What is being asked: Everything from the line that holds "INITIATED - close-up" through the end of the records below is to be transcribed exactly, except the pictures.

Records for this task:
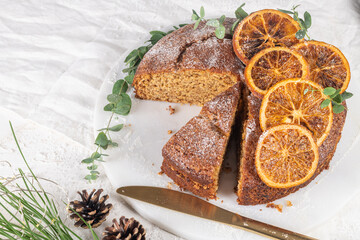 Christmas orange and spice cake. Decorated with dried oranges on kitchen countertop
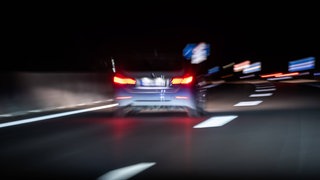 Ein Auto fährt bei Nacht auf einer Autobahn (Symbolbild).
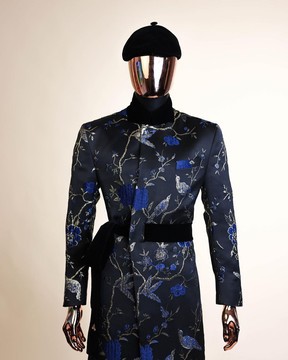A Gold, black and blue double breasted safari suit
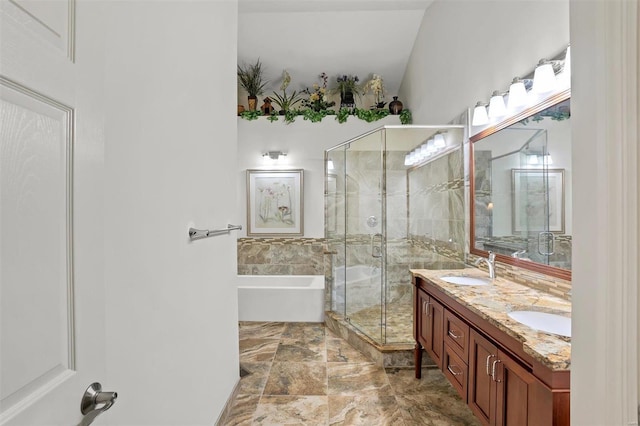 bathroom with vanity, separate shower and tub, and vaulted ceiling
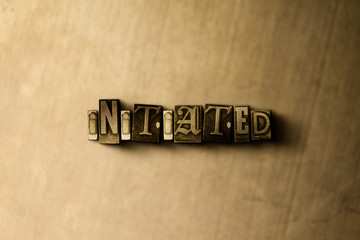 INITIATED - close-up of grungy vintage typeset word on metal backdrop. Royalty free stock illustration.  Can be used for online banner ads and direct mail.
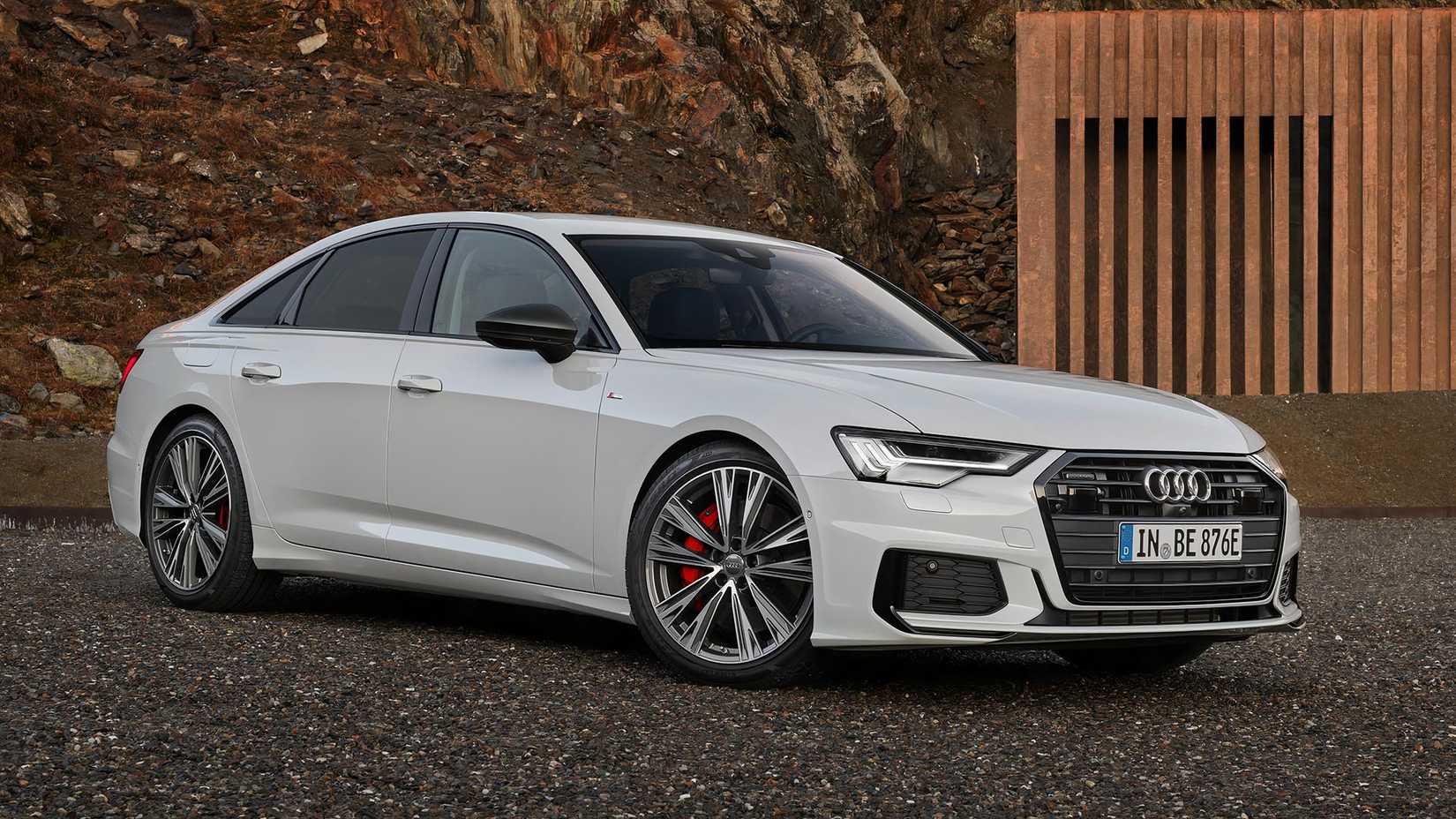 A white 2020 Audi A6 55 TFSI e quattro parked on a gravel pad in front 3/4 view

Answer:
 INITIATED - close-up of grungy vintage typeset word on metal backdrop. Royalty free stock illustration.  Can be used for online banner ads and direct mail.
 A white 2020 Audi A6 55 TFSI e quattro parked on a gravel pad in front 3/4 view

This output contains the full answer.